"Sivas ellerinde sazım çalınır
Çamlı beller bölük bölük bölünür
Yardan ayrılmışam bağrım delinir
Katip arzuhalım yaz yare böyle
Güzelim emey, birtanem emey, "
Ne yıldızlar oynaşır gökyüzünde. Ne yollar ulaşır yüce dağlara. Nice umutlar yayılır gün görmeden yarınlara. Uzaklardan beyaz güvercinler gelip, salınırlar tenhalara...
Sonra uçar gönüller toprağın bağrına. Sel olur, yâr olur, Sivas olur. Bakraç bakraç ayran olup serinletir yürekleri. Kekremsi bir çökelik olup, dağıtır açlıkları. İçli bir türkü olup, aydınlatır geceleri.

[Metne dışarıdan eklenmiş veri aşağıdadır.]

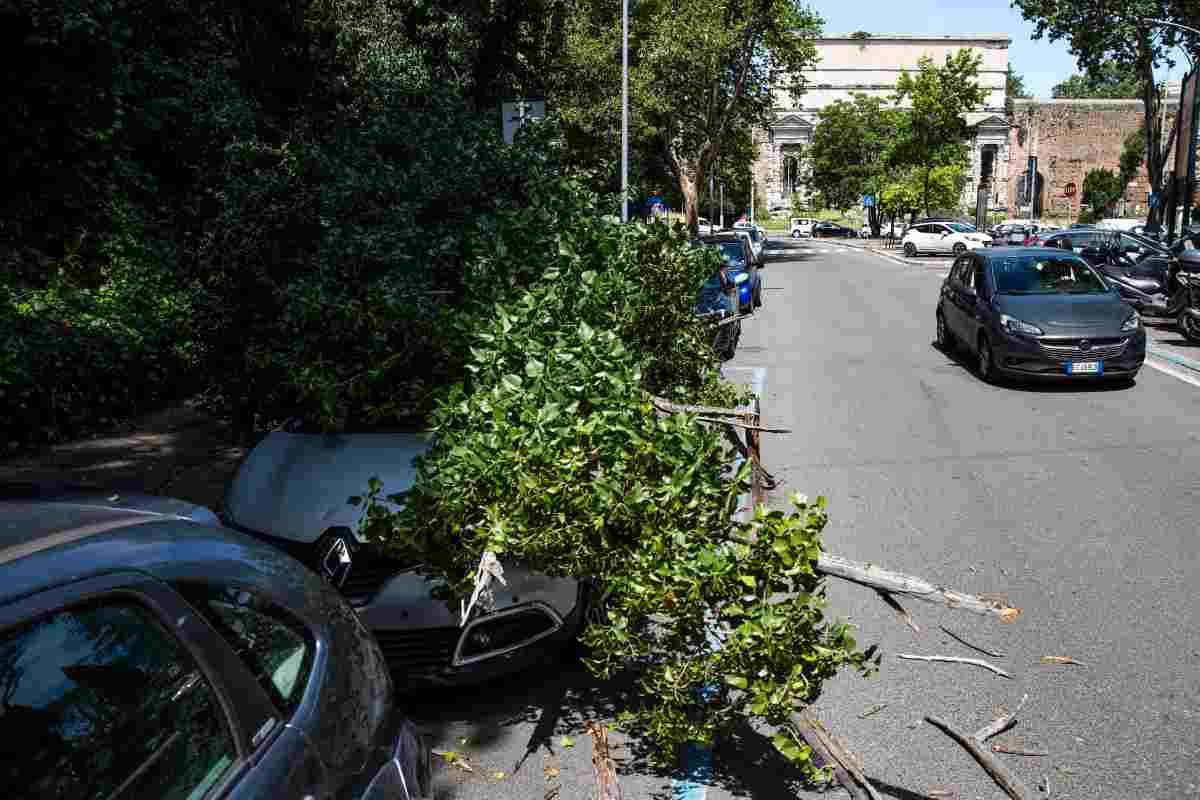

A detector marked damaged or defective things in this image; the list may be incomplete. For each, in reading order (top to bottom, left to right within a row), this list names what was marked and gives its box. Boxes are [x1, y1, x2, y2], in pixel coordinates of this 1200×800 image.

damaged parked car [223, 432, 588, 688] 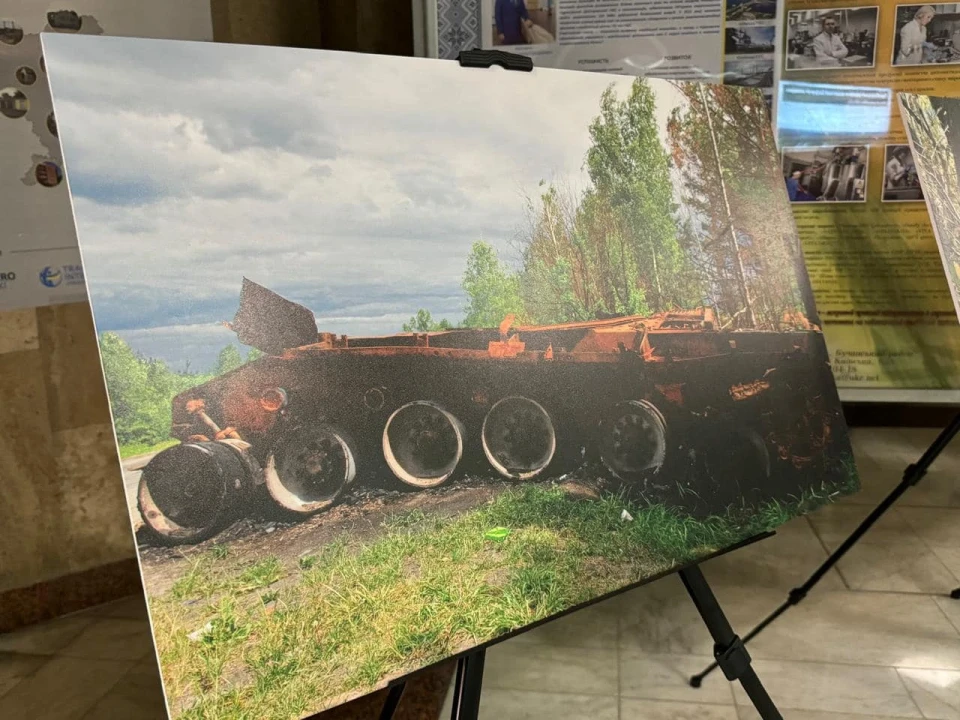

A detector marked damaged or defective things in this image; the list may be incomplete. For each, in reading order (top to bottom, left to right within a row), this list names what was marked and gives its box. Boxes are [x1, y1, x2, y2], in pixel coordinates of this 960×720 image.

burned armored vehicle [135, 278, 840, 544]
rusty tank hull [135, 282, 840, 544]
charred metal surface [141, 282, 840, 544] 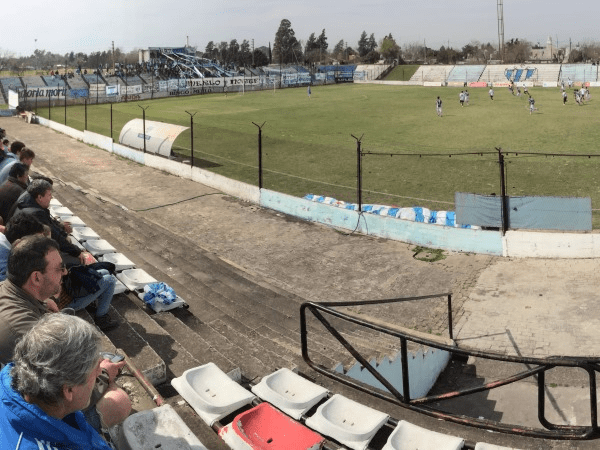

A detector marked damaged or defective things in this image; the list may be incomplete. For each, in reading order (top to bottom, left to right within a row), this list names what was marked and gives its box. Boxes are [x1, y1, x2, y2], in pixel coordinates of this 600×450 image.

rusty metal railing [302, 296, 600, 440] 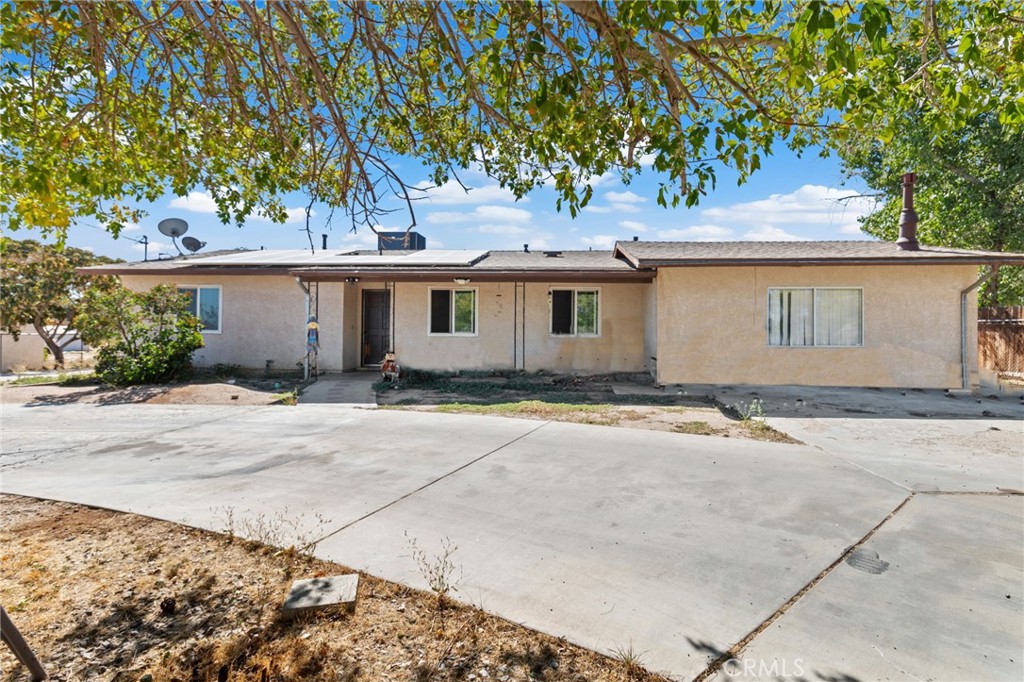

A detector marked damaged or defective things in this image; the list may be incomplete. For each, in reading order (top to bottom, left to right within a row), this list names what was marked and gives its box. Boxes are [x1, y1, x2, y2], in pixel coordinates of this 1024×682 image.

crack in concrete [301, 419, 552, 548]
crack in concrete [692, 491, 917, 675] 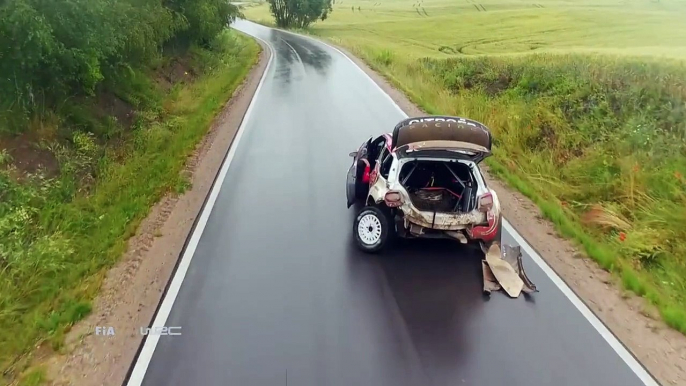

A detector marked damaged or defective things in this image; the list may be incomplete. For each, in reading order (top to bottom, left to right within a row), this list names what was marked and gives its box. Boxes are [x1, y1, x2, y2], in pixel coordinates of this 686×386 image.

damaged rally car [346, 114, 502, 253]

Kırılgan bir bakışta destanlar dile gelir. Deli fırtınalarda şiirler yağmalanır. Sabah yeli tımarlar gönül yaralarını...
Daha turnalar gelmeden, tenha göllere tünemeden, ürkekliklerden örülen yuvalarını kurmadan, sığırcıklar müjdelerler baharın sevdasını...
**
Ocak başlarında, yarınların düşleri karışır saman alevlerine. Bir çıngıda, okyanuslar görülür. Bir çıngıda, sefer yazılır kütüklere. Bir baş kuru soğan, bir parça ekmek, "kekremsi" bir gülümseme oluşturur yüzlerde.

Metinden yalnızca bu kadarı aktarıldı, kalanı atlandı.